Шаршава, могучий кузнец, чуть за сердце не схватился, расслышав негромко звучавший впереди голосок… ЕЁ голосок!.. Задохнулся, прислонился к бревенчатой амбарной стене… Заюшка пела колыбельную, ласковую и грустную. Вот, стало быть, отчего и в бесчиниях не участвовала. Выбрала укромный уголок – и укачивала чьё-то дитя. Ибо так было заповедано Зайцам от самого Прародителя: что бы с матерью родившей ни сталось – а детям неприсмотренными не бывать…
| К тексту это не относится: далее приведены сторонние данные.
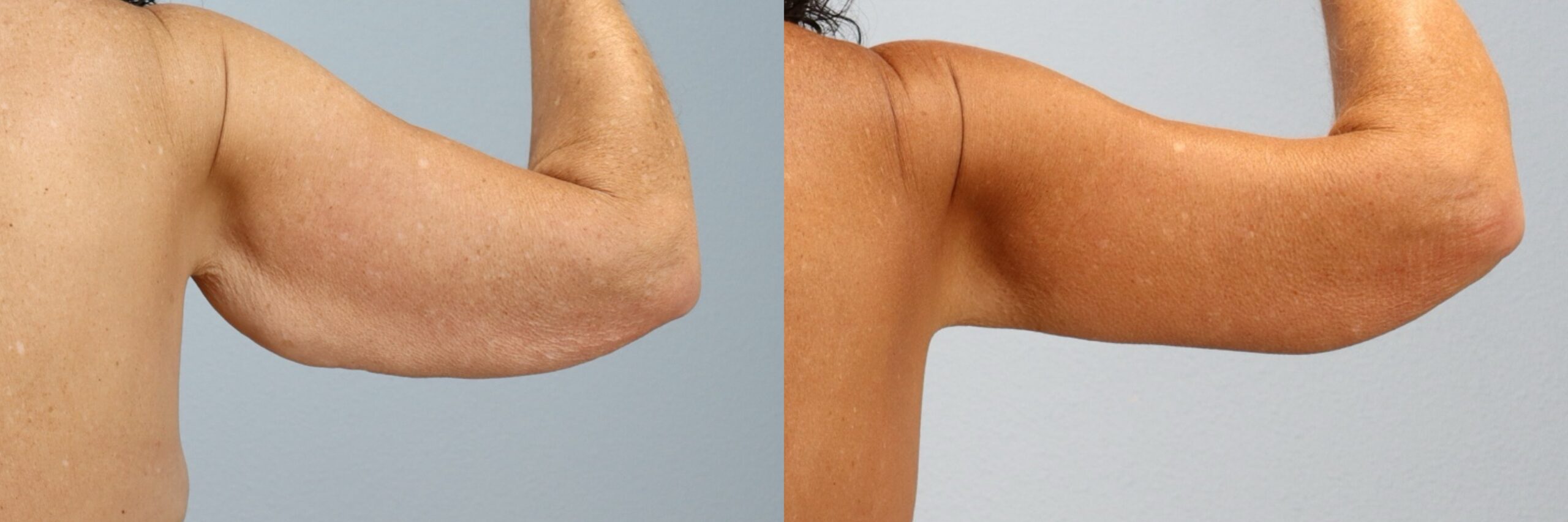 Before and after – Arm Lift – Female patient, age 60+ – Image 27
Оленюшка обошла заробевшего побратима и первая осторожно выглянула из-за угла. Она по собственной воле назвала Шаршаву братом, а не женихом и не усматривала в Заюшке соперницы. Было лишь понятное любопытство: да какова ж она, та, из-за которой Шаршава на неё, суженую-ряженую родителями, глянуть не мог иначе как на сестру?..
Едва высунувшись, Оленюшка тотчас поняла, отчего убрался восвояси звонкий щегол. Перед нею открылся уютный маленький дворик, тихий и солнечный днём, да и ночью казавшийся продолжением тёплого домашнего мира. Тут было устроено нечто вроде гнезда, сплетённого из жгутов толстой, пухлой соломы, – ни ветерок не задует, ни зябкий предутренний холод не подберётся. Летний ночлег для молодой матери, которой может понадобиться вынести наружу не ко времени расплакавшееся дитя.
И Оленюшка увидела юную женщину, баюкавшую двойню. Одна девочка, накормленная, уже смотрела беспечальные младенческие сны. Вторая ещё копошилась, ещё лакомилась молоком.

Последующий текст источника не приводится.